GIVEN INFORMATION:
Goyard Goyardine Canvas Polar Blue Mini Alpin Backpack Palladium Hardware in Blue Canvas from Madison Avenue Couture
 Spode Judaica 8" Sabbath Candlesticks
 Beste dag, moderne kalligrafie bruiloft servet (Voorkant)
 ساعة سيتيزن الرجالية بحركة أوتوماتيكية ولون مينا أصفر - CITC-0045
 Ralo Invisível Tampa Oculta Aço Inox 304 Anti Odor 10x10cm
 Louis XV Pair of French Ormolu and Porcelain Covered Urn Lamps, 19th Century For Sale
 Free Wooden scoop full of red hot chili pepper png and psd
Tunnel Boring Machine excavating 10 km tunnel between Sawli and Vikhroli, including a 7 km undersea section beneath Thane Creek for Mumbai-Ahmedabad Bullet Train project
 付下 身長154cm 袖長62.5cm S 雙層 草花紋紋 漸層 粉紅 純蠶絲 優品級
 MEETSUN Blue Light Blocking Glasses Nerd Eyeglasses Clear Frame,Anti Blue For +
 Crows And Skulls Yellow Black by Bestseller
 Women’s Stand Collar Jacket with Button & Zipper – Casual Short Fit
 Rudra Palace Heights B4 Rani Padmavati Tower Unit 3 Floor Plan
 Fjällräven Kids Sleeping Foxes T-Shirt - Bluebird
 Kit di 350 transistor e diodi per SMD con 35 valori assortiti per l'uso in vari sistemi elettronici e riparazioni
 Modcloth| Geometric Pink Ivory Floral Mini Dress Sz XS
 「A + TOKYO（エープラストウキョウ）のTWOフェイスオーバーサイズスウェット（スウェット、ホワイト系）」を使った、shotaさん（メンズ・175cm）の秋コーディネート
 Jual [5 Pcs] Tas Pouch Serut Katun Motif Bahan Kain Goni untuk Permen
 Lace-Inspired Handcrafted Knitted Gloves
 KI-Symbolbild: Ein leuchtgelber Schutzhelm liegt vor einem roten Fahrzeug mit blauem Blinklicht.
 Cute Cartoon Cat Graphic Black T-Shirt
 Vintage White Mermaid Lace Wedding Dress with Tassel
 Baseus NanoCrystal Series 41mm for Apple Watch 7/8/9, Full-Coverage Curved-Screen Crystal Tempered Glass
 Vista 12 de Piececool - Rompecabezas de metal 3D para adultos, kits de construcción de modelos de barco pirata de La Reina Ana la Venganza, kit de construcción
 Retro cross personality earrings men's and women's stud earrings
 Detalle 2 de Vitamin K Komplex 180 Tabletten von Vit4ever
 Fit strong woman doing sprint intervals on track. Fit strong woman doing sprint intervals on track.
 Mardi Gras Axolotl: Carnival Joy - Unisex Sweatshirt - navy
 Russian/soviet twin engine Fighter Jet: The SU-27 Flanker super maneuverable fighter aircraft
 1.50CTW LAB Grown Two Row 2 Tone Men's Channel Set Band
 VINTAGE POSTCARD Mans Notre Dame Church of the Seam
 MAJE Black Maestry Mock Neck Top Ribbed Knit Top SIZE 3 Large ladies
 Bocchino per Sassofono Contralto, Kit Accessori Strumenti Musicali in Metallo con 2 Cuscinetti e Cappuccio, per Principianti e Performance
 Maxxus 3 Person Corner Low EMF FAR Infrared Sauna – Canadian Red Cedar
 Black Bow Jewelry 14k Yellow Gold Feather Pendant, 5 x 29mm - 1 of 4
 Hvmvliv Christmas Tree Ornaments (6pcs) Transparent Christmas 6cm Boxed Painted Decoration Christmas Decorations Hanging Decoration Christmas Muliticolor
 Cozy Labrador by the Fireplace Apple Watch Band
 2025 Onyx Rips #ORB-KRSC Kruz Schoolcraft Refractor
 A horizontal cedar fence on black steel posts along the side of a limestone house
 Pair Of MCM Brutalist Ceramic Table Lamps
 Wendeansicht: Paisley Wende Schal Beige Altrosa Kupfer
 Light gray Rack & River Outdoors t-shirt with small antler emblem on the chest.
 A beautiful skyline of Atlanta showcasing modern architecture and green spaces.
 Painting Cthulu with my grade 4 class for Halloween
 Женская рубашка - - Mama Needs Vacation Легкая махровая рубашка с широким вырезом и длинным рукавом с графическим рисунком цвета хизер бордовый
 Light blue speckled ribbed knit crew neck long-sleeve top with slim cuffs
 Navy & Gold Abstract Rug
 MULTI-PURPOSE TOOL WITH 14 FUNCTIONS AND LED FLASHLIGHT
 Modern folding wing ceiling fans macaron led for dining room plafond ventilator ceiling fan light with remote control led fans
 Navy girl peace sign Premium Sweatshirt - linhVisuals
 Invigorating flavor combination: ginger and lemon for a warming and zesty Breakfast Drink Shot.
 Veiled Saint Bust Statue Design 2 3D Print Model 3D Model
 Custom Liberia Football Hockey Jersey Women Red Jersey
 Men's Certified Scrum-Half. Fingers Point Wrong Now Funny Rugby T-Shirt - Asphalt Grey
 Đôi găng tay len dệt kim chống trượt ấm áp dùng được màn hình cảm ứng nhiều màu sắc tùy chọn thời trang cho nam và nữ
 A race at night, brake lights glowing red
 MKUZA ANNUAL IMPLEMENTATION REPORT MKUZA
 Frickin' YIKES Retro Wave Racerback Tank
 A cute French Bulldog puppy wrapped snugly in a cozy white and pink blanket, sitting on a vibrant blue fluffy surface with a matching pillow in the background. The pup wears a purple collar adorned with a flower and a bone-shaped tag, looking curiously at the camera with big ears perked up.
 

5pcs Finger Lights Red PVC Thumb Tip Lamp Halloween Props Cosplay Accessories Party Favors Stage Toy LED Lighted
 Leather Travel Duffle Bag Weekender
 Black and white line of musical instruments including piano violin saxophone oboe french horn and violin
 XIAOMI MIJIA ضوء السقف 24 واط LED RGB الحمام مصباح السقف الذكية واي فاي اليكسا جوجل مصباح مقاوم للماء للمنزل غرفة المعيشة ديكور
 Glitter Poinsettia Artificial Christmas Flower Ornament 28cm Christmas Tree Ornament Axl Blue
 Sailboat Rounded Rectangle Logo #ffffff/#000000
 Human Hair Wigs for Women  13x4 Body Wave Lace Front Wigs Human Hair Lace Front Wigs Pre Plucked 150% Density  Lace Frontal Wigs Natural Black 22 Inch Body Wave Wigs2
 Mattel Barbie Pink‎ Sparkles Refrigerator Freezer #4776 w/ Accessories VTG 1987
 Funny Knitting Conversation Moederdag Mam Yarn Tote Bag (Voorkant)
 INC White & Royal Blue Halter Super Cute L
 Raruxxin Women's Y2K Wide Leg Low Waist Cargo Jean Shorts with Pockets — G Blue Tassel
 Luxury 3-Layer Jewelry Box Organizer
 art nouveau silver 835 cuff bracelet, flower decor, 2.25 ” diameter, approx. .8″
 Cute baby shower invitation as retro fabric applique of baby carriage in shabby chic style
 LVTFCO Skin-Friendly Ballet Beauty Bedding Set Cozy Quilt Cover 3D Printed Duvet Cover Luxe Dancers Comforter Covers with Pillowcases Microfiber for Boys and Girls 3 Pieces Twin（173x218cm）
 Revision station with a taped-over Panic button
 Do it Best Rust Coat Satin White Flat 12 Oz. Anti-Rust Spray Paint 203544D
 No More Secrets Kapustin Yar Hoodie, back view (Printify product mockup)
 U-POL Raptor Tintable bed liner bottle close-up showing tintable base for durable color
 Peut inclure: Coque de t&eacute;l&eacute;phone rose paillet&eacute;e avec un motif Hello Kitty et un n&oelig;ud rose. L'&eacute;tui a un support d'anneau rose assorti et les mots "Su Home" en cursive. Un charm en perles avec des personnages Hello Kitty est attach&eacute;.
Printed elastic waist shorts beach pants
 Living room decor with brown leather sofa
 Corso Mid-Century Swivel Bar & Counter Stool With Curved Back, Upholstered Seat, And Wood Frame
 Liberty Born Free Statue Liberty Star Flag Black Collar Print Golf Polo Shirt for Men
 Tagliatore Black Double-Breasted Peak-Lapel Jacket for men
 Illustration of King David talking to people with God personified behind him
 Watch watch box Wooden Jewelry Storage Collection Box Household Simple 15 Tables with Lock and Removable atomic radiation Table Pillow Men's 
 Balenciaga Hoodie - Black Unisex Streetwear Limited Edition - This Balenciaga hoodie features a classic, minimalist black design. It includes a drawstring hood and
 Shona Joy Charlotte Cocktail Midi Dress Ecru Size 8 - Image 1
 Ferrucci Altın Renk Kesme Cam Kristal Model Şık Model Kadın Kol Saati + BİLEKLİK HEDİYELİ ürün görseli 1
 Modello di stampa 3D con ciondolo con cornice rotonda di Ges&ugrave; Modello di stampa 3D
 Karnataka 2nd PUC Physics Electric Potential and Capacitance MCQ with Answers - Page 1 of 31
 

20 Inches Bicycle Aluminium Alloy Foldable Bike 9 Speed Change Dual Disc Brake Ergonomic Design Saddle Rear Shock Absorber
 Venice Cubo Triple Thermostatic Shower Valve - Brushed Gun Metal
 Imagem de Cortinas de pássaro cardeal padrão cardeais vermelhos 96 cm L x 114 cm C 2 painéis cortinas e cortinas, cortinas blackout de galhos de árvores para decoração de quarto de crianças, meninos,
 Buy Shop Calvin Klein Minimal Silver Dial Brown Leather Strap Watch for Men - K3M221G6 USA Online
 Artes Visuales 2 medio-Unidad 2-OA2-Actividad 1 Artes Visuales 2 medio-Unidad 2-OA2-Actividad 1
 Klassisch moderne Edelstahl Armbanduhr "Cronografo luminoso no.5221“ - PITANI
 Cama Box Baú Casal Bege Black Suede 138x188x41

WHAT YOU HAVE TO DO: From the line that contains "Shona Joy Charlotte" down to the last line above, print each line exactly as it appears.

EXERCISE ANSWER:
 Shona Joy Charlotte Cocktail Midi Dress Ecru Size 8 - Image 1
 Ferrucci Altın Renk Kesme Cam Kristal Model Şık Model Kadın Kol Saati + BİLEKLİK HEDİYELİ ürün görseli 1
 Modello di stampa 3D con ciondolo con cornice rotonda di Ges&ugrave; Modello di stampa 3D
 Karnataka 2nd PUC Physics Electric Potential and Capacitance MCQ with Answers - Page 1 of 31
 

20 Inches Bicycle Aluminium Alloy Foldable Bike 9 Speed Change Dual Disc Brake Ergonomic Design Saddle Rear Shock Absorber
 Venice Cubo Triple Thermostatic Shower Valve - Brushed Gun Metal
 Imagem de Cortinas de pássaro cardeal padrão cardeais vermelhos 96 cm L x 114 cm C 2 painéis cortinas e cortinas, cortinas blackout de galhos de árvores para decoração de quarto de crianças, meninos,
 Buy Shop Calvin Klein Minimal Silver Dial Brown Leather Strap Watch for Men - K3M221G6 USA Online
 Artes Visuales 2 medio-Unidad 2-OA2-Actividad 1 Artes Visuales 2 medio-Unidad 2-OA2-Actividad 1
 Klassisch moderne Edelstahl Armbanduhr "Cronografo luminoso no.5221“ - PITANI
 Cama Box Baú Casal Bege Black Suede 138x188x41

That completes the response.